Students picked up on this and began to seek out ways to cheat that couldn’t be detected. Ten years ago, essay mills were low-quality but slowly gaining popularity, today they, along with contract cheating more broadly, are one of the most pervasive challenges to academic integrity.
The idea is simple enough: Plagiarism detection tools can’t (or couldn’t) tell who wrote an essay, just that it wasn’t similar to anything else in their database. As such, even if a teacher might feel that something is wrong, the software won’t flag it.

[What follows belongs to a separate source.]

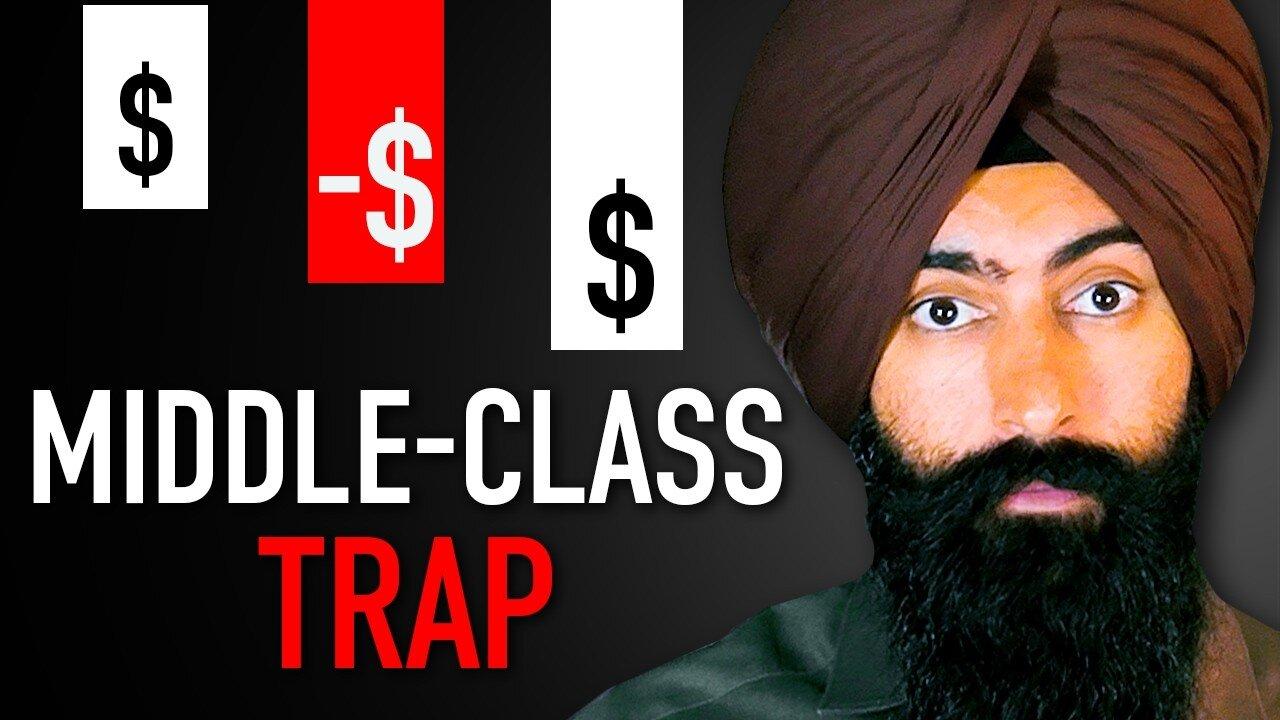 The Middle-Class Trap: Why Smart People Stay Broke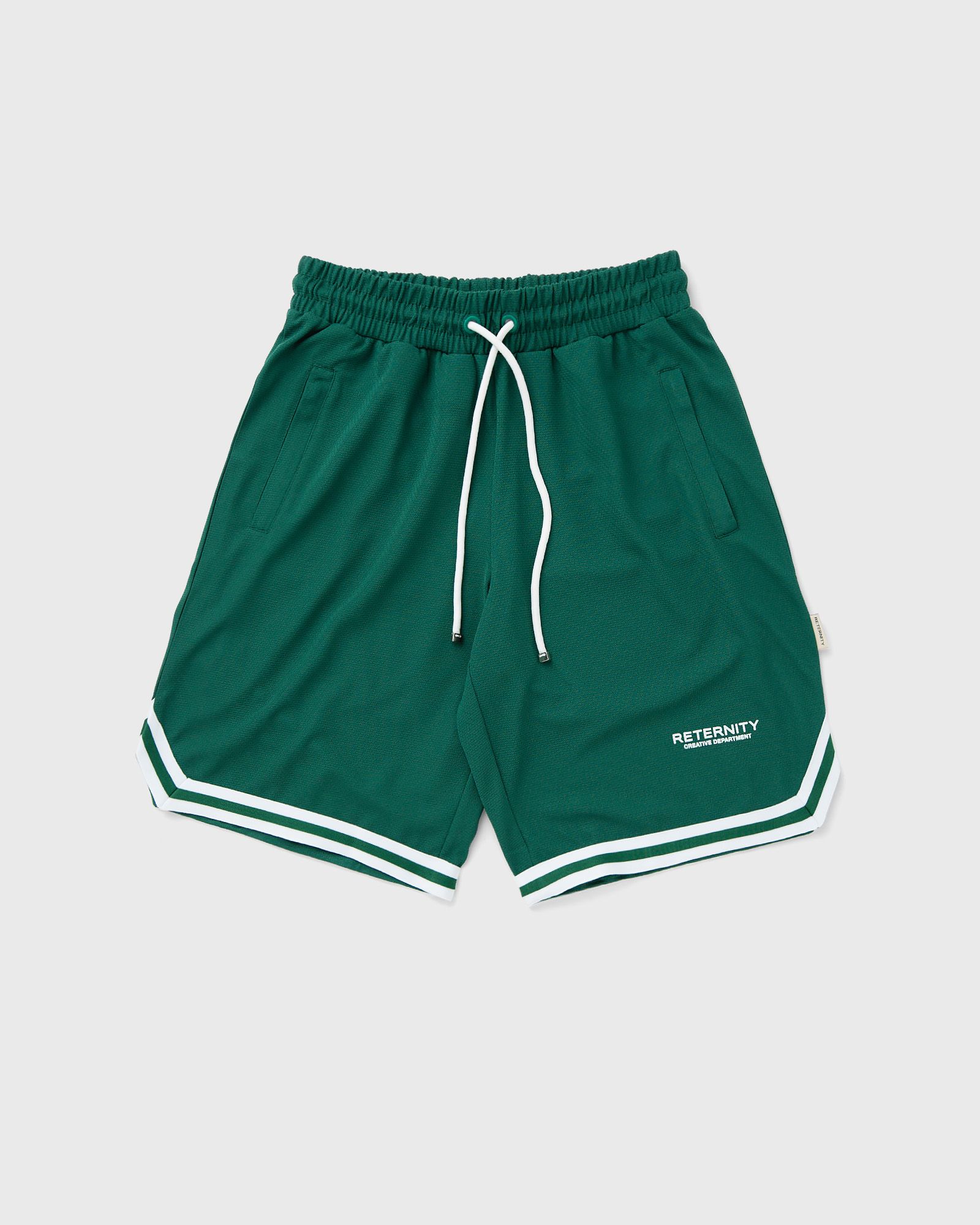 Reternity - cotton shorts creative dpt men sport & team shorts green in größe:l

This, along with the growth of AI writing broadly, has led to a push to try and go beyond text matching. Much as an AI paraphrasing tool or an AI writer attempts to understand the language, plagiarism detection AI aims to understand the words or images in a bid to see if it is similar to other works in a way that goes beyond word choice.
This could be significant, not just as a means of combatting contract cheating, but as a way of understanding authorship more completely.
Expanding the Usefulness
Plagiarism detection tools are, in general, not able to detect if someone steals an idea, well paraphrased or plagiarized in any way that doesn’t involve the copying of at least some text.
This is because computers can easily understand text, but struggle to understand more complex and nuanced elements such as the theme of the piece, the writing style of the author and so forth. This push into AI is to address that limitation.
While some of the more obvious applications of this are detecting essay mill papers and AI-created works, it could also help create better writers. Simply put, a better understanding of how a paper was written, even if it’s not plagiarized, can help instructors guide students in improving their work.
It could also help identify students who are struggling, so teachers can intervene before plagiarism happens. This turns a plagiarism detection tool into a potential plagiarism prevention one.
However, given both the newness of the technology and the unease many educators have about plagiarism detection software in general, such a future may be a long way off.
Instead, the more immediate use may be more research focused, learning how works are written and spotting similarities and influences that even the original author was not consciously aware of.
The goal here is not to find plagiarism, but to understand both the creative and functional processes that go into writing.
In short, where an AI writing tool attempts to understand language so it can mimic it, AI in plagiarism detection tools attempt to grasp language in a bid to understand the process behind it.
If used well, it could be a valuable tool.
Bottom Line
In the end, the plagiarism detection scene is evolving. Companies are moving well past copy and paste plagiarism detection and are trying to understand the writing they process on a deeper level.
Though the effort is to detect types of plagiarism that were previously undetectable, such an effort may have additional benefits if the technology matures enough and is accepted enough.
To be clear, the challenges facing companies are huge. What they are attempting to do is mammoth in scale and complexity.
However, AI writing is coming. In many ways, it is already here. The current approaches for plagiarism detection, while still very useful in many cases, need to be examined as the environment around them shifts.
Because of that, we’re entering a very different phase of plagiarism detection, one driven by AI and machine learning. It’s very likely that, in 5-10 years time, the plagiarism detection tools we have will look very different from the ones we have today. At the very least, they will likely have very different capabilities.
Simply put, the industry has gone from one of incremental change to one of drastic change. It is going to be a space to watch for a long time to come.